Setup: Windows 10 Pro - 64 Bit, i5-4200 1.60 Ghz, 8 GB RAM MongoDB: 4.0.9 Node: 10.15.3 Mongoose: 5.6.7

--- 1000 users --- cleaning db clean-db: 1038.437ms db cleaned adding 1000 users to the database add-data: 2612.337ms finished populating the database with 1000 users default_query: 101.963ms query_with_index: 105.521ms query_with_select: 55.886ms query_with_select_index: 63.948ms lean_query: 9.716ms lean_with_index: 10.973ms lean_with_select: 6.273ms lean_select_index: 6.862ms

--- 10,000 Users --- cleaning db clean-db: 1089.016ms db cleaned adding 10000 users to the database add-data: 13048.575ms finished populating the database with 10000 users default_query: 420.900ms query_with_index: 347.501ms query_with_select: 286.511ms query_with_select_index: 161.172ms lean_query: 89.424ms lean_with_index: 142.019ms lean_with_select: 35.976ms lean_select_index: 47.051ms

--- 100,000 users --- cleaning db clean-db: 1500.448ms db cleaned adding 100000 users to the database add-data: 128033.892ms finished populating the database with 100000 users default_query: 2927.131ms query_with_index: 2528.479ms query_with_select: 1677.231ms query_with_select_index: 1600.110ms lean_query: 1002.164ms lean_with_index: 935.286ms lean_with_select: 351.627ms lean_select_index: 385.114ms

Quick % workout shows... image

If I execute the same query with Compass (not lean queries), I get varying results everytime!

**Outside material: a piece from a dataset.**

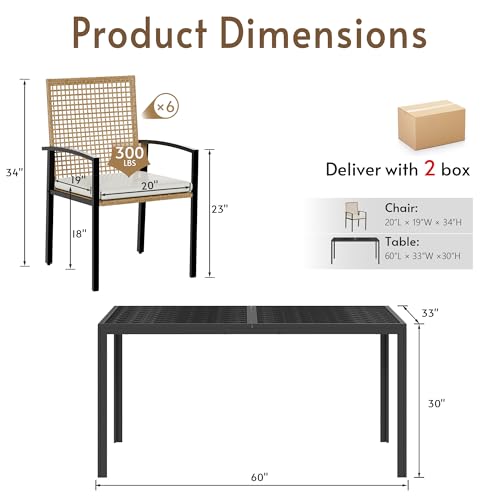 Rotihom 7-Piece Outdoor Dining Set for 6, Patio Dining Set with Hand-Woven Wicker Chairs & Cushions, 60" x 33" x 30" Wider Aluminum Woodgrain Table for Deck, Garden, Backyard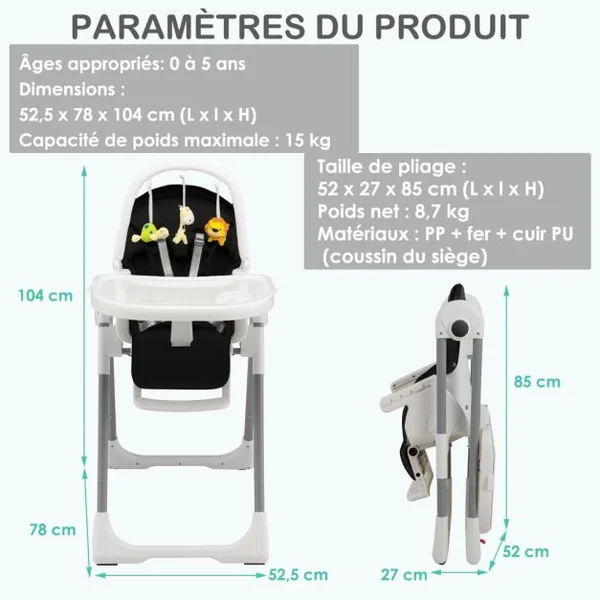 Chaise Haute Pliable pour Bébé 4 En 1 avec 7 Hauteurs Repose-Pieds Rétractable Réglable Roues Verrouillables Coussin Amovible Double Plateau Noir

sgatade commented 5 years ago

Anyone knows how to capture console.timeEnd output to a variable?

khaledosman commented 5 years ago

@sgatade you can use the performance API instead

const { performance } = require('perf_hooks');
const t1 = performance.now()
// do some work
const t2 = performance.now()
const timeConsumed = t2-t1
sgatade commented 5 years ago

@khaledosman This works perfect! Thanks!!!

vkarpov15 commented 5 years ago

I looked a little more closely and I think this behavior is expected - your index on favoriteFruit is not very selective. If you use an index that doesn't meaningfully reduce the number of documents to scan, indexes won't help much, and may even hurt a little.

FWIW, here's the results I get:

$ npm start

> mongo-performance-expirements@1.0.0 start /home/val/Workspace/MongoDB/troubleshoot-mongoose/mongo-performance-expirements
> nodemon index.js

[nodemon] 1.19.1
[nodemon] to restart at any time, enter `rs`
[nodemon] watching: *.*
[nodemon] starting `node index.js`
cleaning db
db cleaned
adding 100000 users to the database
finished populating the database with 100000 users
default_query: 2846.891ms
query_with_index: 2084.971ms
query_with_select: 1369.877ms
query_with_select_index: 1266.956ms
lean_query: 673.973ms
lean_with_index: 726.519ms
lean_with_select: 283.254ms
lean_select_index: 268.205ms

2nd run:

$ npm start

> mongo-performance-expirements@1.0.0 start /home/val/Workspace/MongoDB/troubleshoot-mongoose/mongo-performance-expirements
> nodemon index.js

[nodemon] 1.19.1
[nodemon] to restart at any time, enter `rs`
[nodemon] watching: *.*
[nodemon] starting `node index.js`
cleaning db
db cleaned
adding 100000 users to the database
finished populating the database with 100000 users
default_query: 2146.956ms
query_with_index: 1968.163ms
query_with_select: 1276.897ms
query_with_select_index: 1174.065ms
lean_query: 696.918ms
lean_with_index: 670.894ms
lean_with_select: 287.297ms
lean_select_index: 267.219ms
khaledosman commented 5 years ago

hmm thanks for looking into this, but in that case isn't a 50% decrease in the number of documents to scan selective enough?

vkarpov15 commented 5 years ago

I'm guessing not. Im not an expert on mongidb's query executor but in my experience indexes need to be much more selective to get a big performance win.